A Defesa do Direito Internacional
Líderes europeus alertam que o deslocamento do conflito para alvos de infraestrutura básica não apenas fere as convenções internacionais, mas mergulha a região em uma catástrofe humanitária irreversível.
Posicionamento da UE: António Costa foi enfático ao declarar que ataques a instalações de energia e infraestruturas civis são "ilegais e inaceitáveis". Para o bloco europeu, a destruição desses ativos não resolve a crise do Estreito e apenas amplifica o sofrimento das populações, comparando a retórica atual à destruição observada em conflitos anteriores na Ucrânia e em Gaza.
O Alerta da ONU: António Guterres reforçou que o mundo está "olhando para o cano de uma guerra mais ampla" e que a substituição do Estado de Direito pela "lei da selva" ameaça a estabilidade global.
O "Freio" à Doutrina Trump
A mobilização europeia tenta frear o que analistas chamam de "avaliação técnica de destruição". Enquanto Washington vê as usinas iranianas como alvos militares legítimos para forçar a capitulação, a Europa defende que a preservação dessas estruturas é a única forma de garantir que o Irã permaneça um Estado viável para futuras negociações.

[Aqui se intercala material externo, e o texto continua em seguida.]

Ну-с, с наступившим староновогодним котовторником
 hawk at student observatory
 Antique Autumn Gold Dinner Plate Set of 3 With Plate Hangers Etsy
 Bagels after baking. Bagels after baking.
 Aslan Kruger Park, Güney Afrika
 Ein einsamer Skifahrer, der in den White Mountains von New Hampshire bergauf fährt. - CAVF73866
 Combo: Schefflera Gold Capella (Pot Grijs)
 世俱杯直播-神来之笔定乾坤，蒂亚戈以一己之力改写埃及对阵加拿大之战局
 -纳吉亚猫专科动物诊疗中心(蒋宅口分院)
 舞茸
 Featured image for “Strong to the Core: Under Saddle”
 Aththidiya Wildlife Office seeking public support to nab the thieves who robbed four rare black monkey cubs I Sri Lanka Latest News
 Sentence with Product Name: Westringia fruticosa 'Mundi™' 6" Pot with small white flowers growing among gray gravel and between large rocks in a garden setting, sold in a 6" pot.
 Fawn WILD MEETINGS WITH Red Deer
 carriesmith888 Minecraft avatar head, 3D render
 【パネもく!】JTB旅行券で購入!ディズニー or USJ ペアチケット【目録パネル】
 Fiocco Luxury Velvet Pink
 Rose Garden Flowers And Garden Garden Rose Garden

"A tentativa de frear o avanço americano através da pressão diplomática é o último recurso antes do prazo fatal de amanhã. Para os líderes europeus, aceitar o bombardeio de infraestruturas civis é abrir um precedente onde a economia global justifica o aniquilamento de Estados soberanos", destaca analisa.
Impacto nas Negociações
Essa resistência internacional fortalece a Via Paquistanesa e o papel do Catar como mediadores. Ao condenar o plano de Trump, a Europa tenta oferecer ao Irã uma "rede de segurança" diplomática que permita a reabertura do Estreito sem que isso pareça uma rendição total às exigências unilaterais dos EUA.
O impasse agora se resume a uma corrida contra o relógio: o peso das leis internacionais conseguirá deter os mísseis americanos programados para o "Dia das Usinas"?